It was a gloomy day, with snow flakes forecast for the late evening. My plan was a loop involving two mountain valleys west of Tokyo, route 35 past Akiyama to Tsuru, then over the pass on Rt24 and back via Doshi michi (Doshi road) that leads out to Lake Yamanakako near Mt Fuji. After some navigation errors I didn't stick to the plan and instead rode Doshi michi out and back, with a coffee break at the "Michi no Eki" road station at the upper end of Doshi village.
The temperature dropped with elevation and about two hours before I expected to reach the road station, what had first seemed like a slight drizzle turned into snow flakes.
First it was very slight, but it increased in volume as I made my way up the valley. I put the seat cover on to protect the Brooks. Snow accumulated on my gloves and melted, soaking them and rendering them pretty useless against the cold. I moved my hands to the drops, which kept the fingers away from the snow flakes and with the work of climbing my fingers warmed up again.

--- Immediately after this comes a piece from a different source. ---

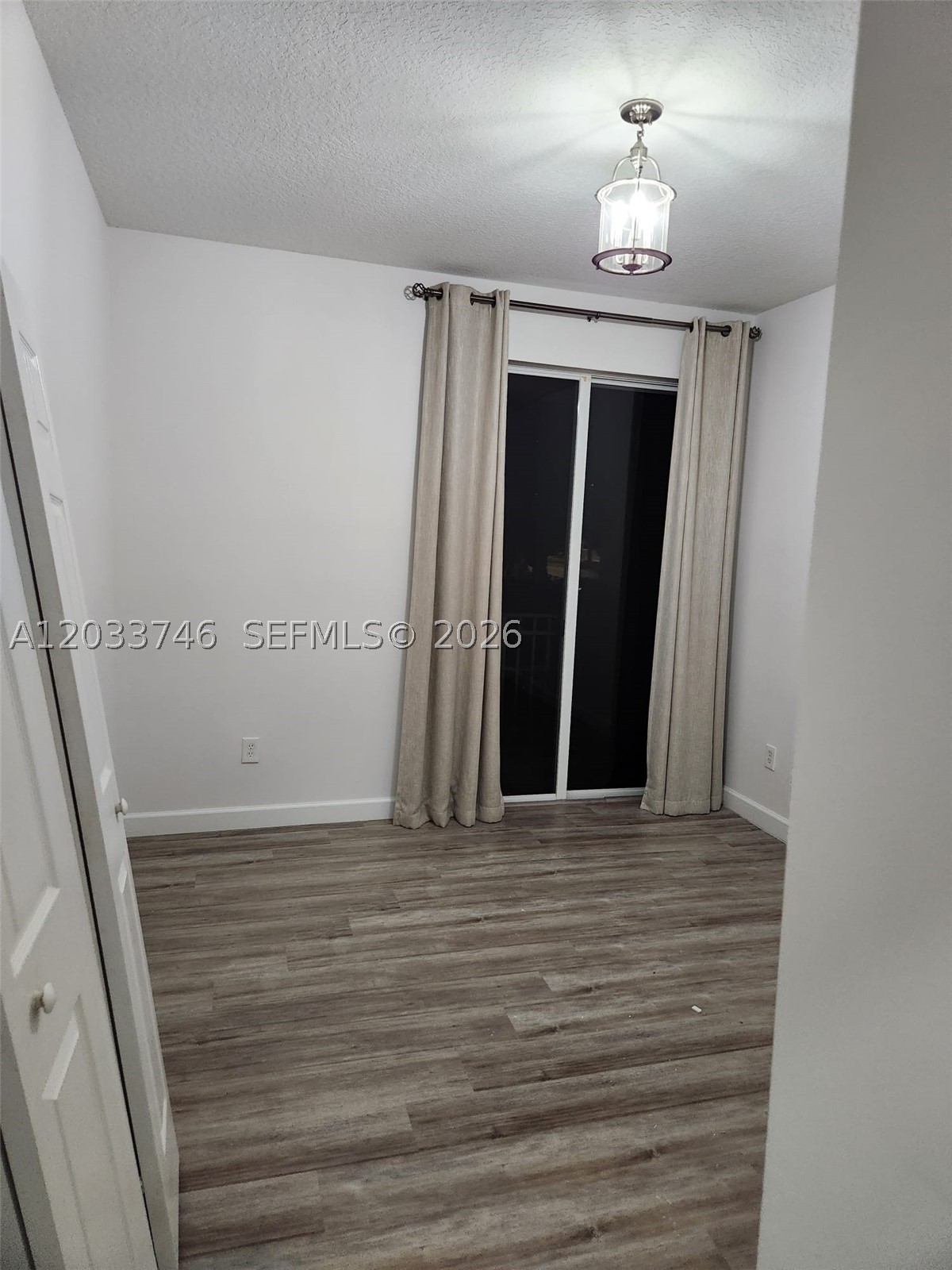 VILLAS AT HARBOR ISLES CO - Residential Lease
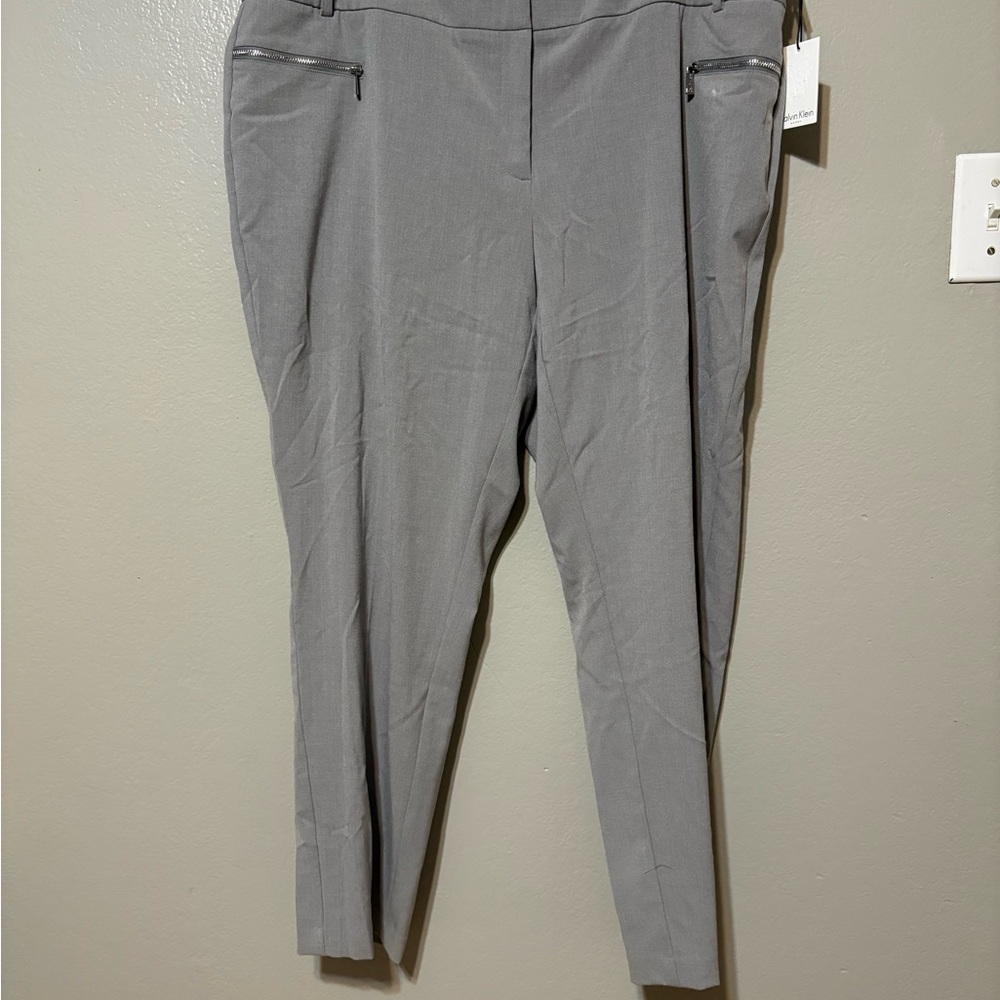 Women’s Straight Slim Calvin Klein Gray Tapered Leg Pants Size 16W‎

I could see the snow building up on roofs and parked cars and the road got wetter and wetter. The temperature on my GPS was not much above freezing, I was worried of when things might get slippery. Having had a nasty fall in December, I wasn't keen on going down again any time soon. Even only 5 km from the road station (the halfway point for the century distance), I seriously considered turning around. In the end I decided to risk it and push on.
There weren't many cars or motorcycles around the normally busy car park and no other bicycles. I ordered coffee and a piece of cresson cake:
As I was about to leave after my rest, another cyclist who had arrived over the pass from Lake Yamanakako warned me not to proceed further up the valley (which I hadn't intended to do anyway) as conditions there were bad. I carefully descended back towards Tokyo, watching my speed at all times, with particular attention to sewer covers and other metallic surfaces that get slippery when wet.
I got home at 20:30 at night, having covered 162 km, making February the 42nd month in a row with at least one century ride.
As expected the NFE offers a more comfortable ride than my Bike Friday Pocket Rocket. The 42 mm wide Compass Babyshoe Pass EL tires soak up most road irregularities. I feel like I could ride anywhere. I love the Nitto Randonneur handlebars whose drops are much more useful than any other I've used. The 650B wheels have more momentum than the 20" 451 wheels on my Bike Friday, so they don't spin up quite as easily, but once in motion they keep going. Overall it works out the same (except for comfort).
Speed wise I don't think there's much difference between my bikes, which confirms my expectation that the limiting factor is still the engine
My second century of February will be this coming Saturday, a very hilly 200 km brevet in West Izu. It will be my first brevet in five months and the first on the NFE.